True love is not abuse. True love is never abuse. It is not psychopathic devilry disguised as intense and damaged and a bit overbearing. And while it looks alluring in movies - painted as romantic, passionate, and exciting - every time you say that you want what the Joker and Harley have, this is what you're really saying you want:
You're saying you want blood and bruises and cuts and scars. You're saying you want to be backhanded across the face for any minor infractions. You're saying you want to be tied up and beaten, chained and left hanging in the basement for hours on end. You're saying you want to walk on eggshells all the time, to be terrified to cross him or make him mad. You're saying you want physical, mental, sexual, emotional, and verbal abuse. You're saying you want slavery. You're saying you want pain and humiliation....you're saying you want death.

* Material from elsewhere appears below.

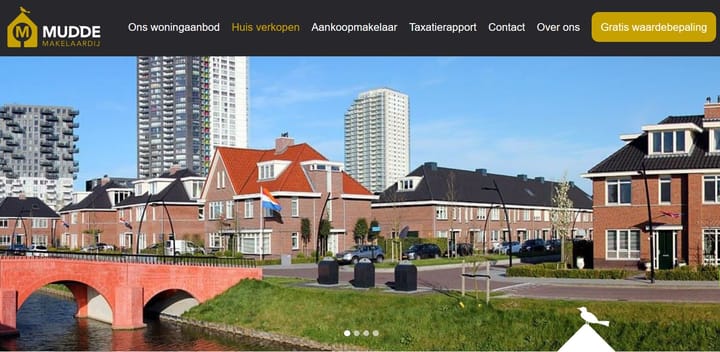 Een promotiefoto voor op kantoor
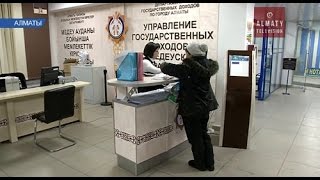 Прецедент - алматинца арестовали за неуплату транспортного налога (22.12.16)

And trust me. you do not want a relationship like they have.
Because in real life, women like Harley and Ana and Bella and Christine don't end up Happily Ever After. The end of abuse is not romance or marriage or love or happiness or health. The end of those relationships is a woman lying dead in a puddle of blood on the floor because her lover got out of hand one too many times, and she fell final victim to his cruelty. That is the dark side of our obsession with the romanticization of abusive relationships. That is what we are asking for when we romanticize relationships like Harley & the Joker or Ana & Christian or Bella & Edward.
Now obviously I shan't shun you for going to see Suicide Squad, but just remember, when your beloved daughter comes home from college with a controlling boyfriend and new bruises only to refuse to listen to your concern because 'I really love him!', or you have to watch as your daughter-in-law slowly fades away before your very eyes and you are too afraid of your son to venture recriminations, it's because we as a society teach them no better. It is because we support media which romanticizes abusive relationships, depicting them in glowing exciting terms.

And it's time to to stop. It's time to call a halt, to take a stand, to say no. 
A dance with the devil, no matter how charming initially, is living hell, ultimately resulting in a death sentence. It is not life you teach every time you hold this up as an ideal - every time you show the movie industry that romanticizing abuse makes good money. It is not life. And it is never, ever, ever love. 
A dance with the devil is death. And I opt out.